Despite the decision to vaccinate some groups of the population with a third dose of a vaccine against Covid-19, the goal was for all people over 12 to be fully vaccinated, the ministry said.
People given priority for the booster jab are residents and employees in nursing homes, people over 65, health professionals and the immunocompromised.
The third dose, based on the available data, concerns people who have completed their vaccination programme with two doses of the Pfizer/BioNTech, Moderna and AstraZeneca vaccines.
“No booster dose is given to people who have received the Johnson and Johnson vaccine,” the health ministry said.
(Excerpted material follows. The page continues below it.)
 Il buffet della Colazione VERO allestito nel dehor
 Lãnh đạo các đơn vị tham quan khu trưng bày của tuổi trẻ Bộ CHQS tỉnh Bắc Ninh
It added that the third dose will be administered six months after the second dose was administered.
In people receiving immunosuppressive treatment, the booster shot is administered at least four weeks after the second dose and in a way that does not affect their treatment.
But on September 1 the US Centre for Disease Control and Prevention stated that: “It is likely that people who received a J&J Covid vaccine will need a booster dose.” But because the J&J/Janssen vaccine wasn’t given in the US until 70 days after the first mRNA vaccines, the data needed to make a decision simply isn’t available yet. The CDC is expected to keep the public informed about a plan for J&J/Janssen booster shots.
The health ministry said the booster jabs for the groups given priority will be gradual process and based on availability.
People over the age of 65 can receive a booster shot by arranging an appointment through the health ministry’s vaccination portal but priority will be given to older ages.
“The opportunity for every age will be given gradually, starting from the older ages,” the health ministry said. It added that a schedule for age groups to register would be given at a later stage.
People under 65 are to be given the opportunity to receive a booster shot at a later date.
Health professionals can receive the third dose after group appointments with priority being given to those treating Covid patients and working in ICUs and A&E departments.
As regards immunocompromised people, priority will be given to patients being treated for cancer, people that have had organ transplants and are receiving immunosuppressive therapy, people with inherited immune deficiency or with HIV.
The vaccination of these groups of patients will be done gradually, through telephone appointment.